East of Suez Market Update 16 Sep 2025
Prices in East of Suez ports have moved in mixed directions, and VLSFO and LSMGO availability is good in Malaysia’s Port Klang.
Changes on the day to 17.00 SGT (09.00 GMT) today:
- VLSFO prices up in Singapore ($2/mt), unchanged in Fujairah, and down in Zhoushan ($19/mt)
- LSMGO prices up in Singapore ($3/mt), and down in Zhoushan ($14/mt) and Fujairah ($4/mt)
- HSFO prices up in Singapore ($2/mt), and down in Zhoushan ($7/mt) and Fujairah ($2/mt)
- B24-VLSFO at a $227/mt premium over VLSFO in Singapore
Zhoushan’s VLSFO price has dropped sharply by $19/mt in the past day. Even after the decline, it still commands a $13/mt premium over both Singapore and Fujairah.
The fall in Zhoushan’s VLSFO price has outpaced the drop in its HSFO benchmark, narrowing the port’s Hi5 spread by $12/mt to $64/mt. This is lower than spreads in Fujairah ($99/mt) and Singapore ($75/mt).
Bunker demand in Zhoushan remains weak. VLSFO lead times are steady at 4–7 days, while HSFO and LSMGO lead times have risen to 4–7 days from 3–5 days previously.
At Malaysia’s Port Klang, VLSFO and LSMGO grades are readily available, with prompt supply possible for smaller parcels. HSFO, however, continues to face limited availability.
Brent
The front-month ICE Brent contract has lost by $0.17/bbl on the day, to trade at $67.08/bbl at 17.00 SGT (09.00 GMT).
Upward pressure:
Brent crude’s price has gained some upward momentum as traders factor in production risks to Russian energy supplies, with Ukrainian drone strikes on its oil infrastructure continuing to intensify.
Yesterday, Kyiv struck the Kirishi oil refinery, one of Russia’s largest oil refining facilities, Reuters reported. The facility has halted a major processing unit following the attack, the report added.
The refinery has an “annual processing capacity of over 20mt [20 million mt],” according to ANZ Bank’s senior commodity strategist Daniel Hynes.

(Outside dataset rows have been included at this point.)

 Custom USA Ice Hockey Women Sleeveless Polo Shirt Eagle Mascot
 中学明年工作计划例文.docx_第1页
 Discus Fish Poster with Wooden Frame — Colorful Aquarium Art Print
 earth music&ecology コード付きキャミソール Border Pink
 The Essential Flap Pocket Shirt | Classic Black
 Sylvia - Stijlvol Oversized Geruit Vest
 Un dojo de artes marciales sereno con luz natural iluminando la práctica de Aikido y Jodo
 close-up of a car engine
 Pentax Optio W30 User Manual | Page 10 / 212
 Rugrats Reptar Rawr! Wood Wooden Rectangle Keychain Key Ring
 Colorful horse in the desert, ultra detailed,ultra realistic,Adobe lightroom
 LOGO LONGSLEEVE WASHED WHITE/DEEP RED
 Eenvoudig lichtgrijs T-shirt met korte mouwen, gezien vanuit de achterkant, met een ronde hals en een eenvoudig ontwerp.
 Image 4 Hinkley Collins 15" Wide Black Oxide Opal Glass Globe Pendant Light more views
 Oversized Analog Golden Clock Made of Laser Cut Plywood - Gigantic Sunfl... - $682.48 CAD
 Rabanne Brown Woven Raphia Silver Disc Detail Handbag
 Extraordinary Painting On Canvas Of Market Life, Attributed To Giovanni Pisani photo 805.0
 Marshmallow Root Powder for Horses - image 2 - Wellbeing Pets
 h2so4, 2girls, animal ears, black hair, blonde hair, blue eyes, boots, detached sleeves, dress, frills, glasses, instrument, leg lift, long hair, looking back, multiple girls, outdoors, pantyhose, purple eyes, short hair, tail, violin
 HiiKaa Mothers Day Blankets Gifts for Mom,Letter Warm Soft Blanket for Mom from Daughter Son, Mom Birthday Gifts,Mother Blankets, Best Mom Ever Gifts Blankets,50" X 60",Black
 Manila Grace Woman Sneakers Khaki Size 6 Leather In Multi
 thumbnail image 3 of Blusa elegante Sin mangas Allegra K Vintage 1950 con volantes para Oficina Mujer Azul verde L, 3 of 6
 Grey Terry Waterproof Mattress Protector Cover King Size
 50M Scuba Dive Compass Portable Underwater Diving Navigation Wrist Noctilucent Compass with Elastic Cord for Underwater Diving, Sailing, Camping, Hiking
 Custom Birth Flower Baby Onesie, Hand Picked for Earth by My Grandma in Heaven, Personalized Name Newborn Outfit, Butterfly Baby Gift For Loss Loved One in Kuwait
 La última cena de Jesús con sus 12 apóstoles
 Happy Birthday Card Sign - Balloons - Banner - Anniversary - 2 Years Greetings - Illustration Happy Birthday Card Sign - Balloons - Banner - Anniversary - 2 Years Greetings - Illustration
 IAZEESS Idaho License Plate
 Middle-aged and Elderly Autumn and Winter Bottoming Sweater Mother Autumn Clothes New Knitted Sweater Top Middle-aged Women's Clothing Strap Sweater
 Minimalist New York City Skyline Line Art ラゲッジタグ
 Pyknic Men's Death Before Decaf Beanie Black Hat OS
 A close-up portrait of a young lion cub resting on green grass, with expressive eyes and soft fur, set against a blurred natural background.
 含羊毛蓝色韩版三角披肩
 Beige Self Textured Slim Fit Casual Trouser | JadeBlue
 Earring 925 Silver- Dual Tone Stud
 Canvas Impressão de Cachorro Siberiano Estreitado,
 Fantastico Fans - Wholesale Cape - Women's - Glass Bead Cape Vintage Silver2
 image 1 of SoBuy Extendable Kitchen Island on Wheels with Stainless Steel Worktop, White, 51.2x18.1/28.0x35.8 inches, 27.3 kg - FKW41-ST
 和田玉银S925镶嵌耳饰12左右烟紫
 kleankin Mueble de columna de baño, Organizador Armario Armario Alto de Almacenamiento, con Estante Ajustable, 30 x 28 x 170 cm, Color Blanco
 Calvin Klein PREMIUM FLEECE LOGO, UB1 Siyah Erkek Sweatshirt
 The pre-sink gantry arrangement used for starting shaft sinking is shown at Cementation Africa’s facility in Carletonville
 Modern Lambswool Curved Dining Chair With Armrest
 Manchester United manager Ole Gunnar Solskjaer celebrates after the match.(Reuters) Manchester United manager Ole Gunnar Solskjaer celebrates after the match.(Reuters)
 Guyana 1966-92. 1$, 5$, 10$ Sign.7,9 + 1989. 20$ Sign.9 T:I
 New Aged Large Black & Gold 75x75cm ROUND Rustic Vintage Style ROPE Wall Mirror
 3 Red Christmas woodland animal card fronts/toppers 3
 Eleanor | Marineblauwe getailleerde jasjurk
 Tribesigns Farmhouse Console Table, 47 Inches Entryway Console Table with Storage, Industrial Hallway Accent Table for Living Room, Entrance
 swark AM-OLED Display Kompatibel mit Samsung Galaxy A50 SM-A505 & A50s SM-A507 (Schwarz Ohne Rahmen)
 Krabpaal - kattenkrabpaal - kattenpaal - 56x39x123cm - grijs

Last week, Ukraine struck one of Russia’s largest oil exporting terminals in Primorsk. The strikes coincide with reports that Washington and the EU are preparing tighter sanctions on Russia and on major buyers of its energy exports, particularly China and India.
“The market participants are waiting for any further developments regarding the potential of further Western sanctions on Russian supplies,” remarked two analysts from ING Bank.
Downward pressure:
Brent’s price has moved lower as market participants shift focus to the US Federal Reserve’s (Fed) meeting scheduled for today and tomorrow.
The meeting carries significant weight, with the US central bank expected to decide whether to maintain interest rates at current levels or implement a cut, according to market analysts.
Oil prices came under pressure last week after US inflation rate, based on Consumer Price Index (CPI) rose 2.9% year-on-year in August, up from 2.7% in July, dampening the likelihood of interest rate cuts.
Higher interest rates in the US can dampen demand growth and make dollar-denominated commodities like oil more expensive for holders of other currencies.